内容としては「○○が殺されたので犯人を探している」「こんなコンピュータウイルスが出回っています」などの場合がほとんどであるが、「芸能人が○○に現れる」「お金持ちになる方法を教えます」というものも出回っている。
チェーンメールは人の手をわたる間に内容が変化する。単なる書き間違いである場合が多いが、より多くの人を引っ掛けるために説得力のある文に書き換えられるということもある。
本当のメールとチェーンメールの見分け方は語尾の「何人の人に送ってください」という文章である。書かれた内容は参考になることは少なく、信用できる友人から送られてくることが多いため注意が必要である。
インターネットなどのコンピュータネットワーク上では、スパムの一種とされ、ネットワークへ高い負荷(トラフィック)を与える原因となる。

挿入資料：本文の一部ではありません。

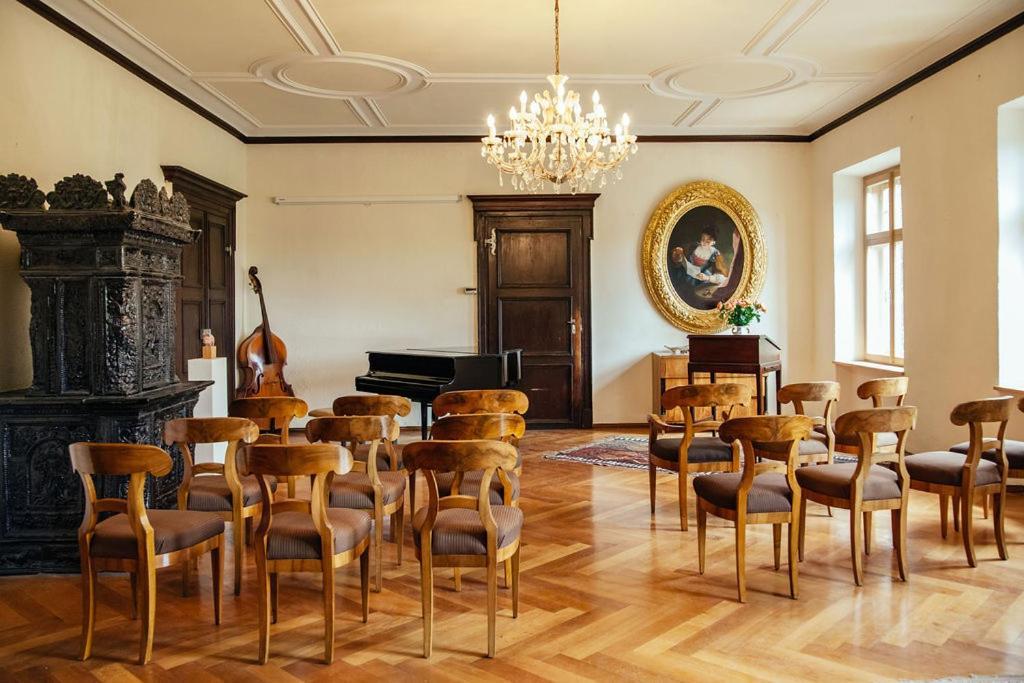 Schlossgut Tunzenberg Mengkofen Luaran gambar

以下の例を参照。
[編集] ねずみ算式の拡散
広がり方は連鎖販売取引(マルチ商法)の仕組みと全く同じである。以下の条件で計算する。
- 発信源は1人
- 5人に送るという指令
- 受け取った人が必ず5人に送り、発信源も5人に送る
- 一人が受け取ってから転送するまでに1時間かかる(実際は数分程度と思われる)
- 範囲は日本国内
- 日本人全員が必ず一つの通信手段を持つ
- 同じ人が二度以上受け取ることはない(ただし最後の1時間は同じ人が二度以上受け取ることもあるとする)
この場合、最初の一人が送り始めてから11時間で日本人全員に広まることになる。(11時間目には2億4414万0626人(うち一人は発信者)に広まる計算となり日本の人口を超える。)
[編集] 代表的なチェーンメール
チェーンメールの代表作としては「Good Times」「橘あゆみ」などが挙げられる。
また「世界がもし100人の村だったら」や「時間銀行」などは稀に見る感動的な作品となっていると言われるが、チェーンメールであることには変わりない。
最近は「ミュージックバトン」に端を発する「ブログやホームページで回答する楽しげな質問集」が出回っている。これらも最終的に「○名の人に回して下さい」となっているためチェーンである。よって、回された相手に対する心理的負荷があることは憂慮される(ただし、メールではないためにネットワークに対する負荷は少なく、質問集であるために個人的情報が多く嘘やデマは少ないため、チェーンメールとは別扱いされる)。
[編集] チェーンメールが招いた悪影響
チェーンメールは、特にインターネットなどのコンピュータネットワーク上では、スパムの一種とされ、ネットワークに高い負荷(トラフィック)を与える原因となる。また、最近ではチェーンメールをきっかけに周囲が大きく振り回されるという悪影響が発生することもある。以下にその例を示す。
- 佐賀銀行取り付け騒ぎ
- 2003年12月に「佐賀銀行が経営不振」というチェーンメールが出回り、取り付け騒ぎが発生した。佐賀県警察は2004年2月にこのメールを送信した張本人を割り出し、信用棄損容疑で送検した。
- 子犬100匹殺処分騒ぎ
- 2003年2月に「京都市内で(ペットショップが倒産し)ミニチュアダックスフントの子犬100匹が飼い主が見つからなければ殺処分される」というチェーンメールが出回り、市民やメールを見た人たちがその身を案じて引き取り手を捜したり、役所や地元新聞社などへの問い合わせが殺到するなどして混乱に陥った。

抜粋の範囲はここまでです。